METEOROLOGIST JEFF HABY

The best chart to use when examining the trough / ridge pattern is the 500-millibar chart. As you know, troughs are synonymous with cooler than normal temperatures while ridges are synonymous with warmer than normal temperatures. Troughs can be tilted in one of three ways which include: positive tilt, neutral tilt, and negative tilt. In the Northern Hemisphere, a positively tilted trough tilts from the northeast toward the southwest, a neutrally tilted trough tilts from north to south, and a negatively tilted trough tilts from northwest toward southeast. As a mid-latitude cyclone develops, it tends to begin as a positive tilted trough and end as a neutrally or negatively tilted trough.

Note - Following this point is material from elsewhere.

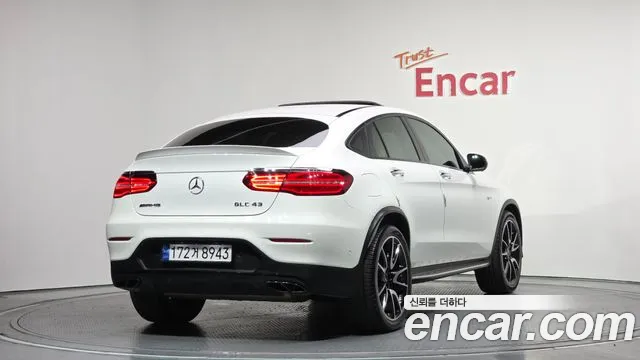 2019 Mercedes-Benz GLC-Class X253 AMG GLC43 4MATIC Coupe Sold VIN WDC0J6EB3KF547056 – photo 30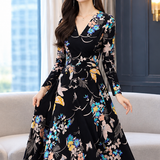 Madeline-Mae Floral Maxi Dress - Lead Product Detail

The atmosphere is most unstable when a large trough in association with a strong mid-latitude cyclone becomes NEGATIVELY TILTED. Why? Because on the right side of the trough, the negative tilt causes cold air advection in the upper levels of the atmosphere while the PBL is warm and humid (especially if this situation occurs east of the Rocky Mountains in the fall or spring). Cold air above warm air creates thermodynamic instability and convective instability. A strong jet streak can cause a trough to become negatively tilted and contributes to dynamic lifting. It is the jet stream and jet streaks that are responsible for causing troughs to become more amplified or less amplified. The jet streaks also contribute to the tilt of a trough. Look at the 500-mb chart each day and see if the troughs over the U.S. are highly or weakly amplified and positive, neutral, or negatively tilted.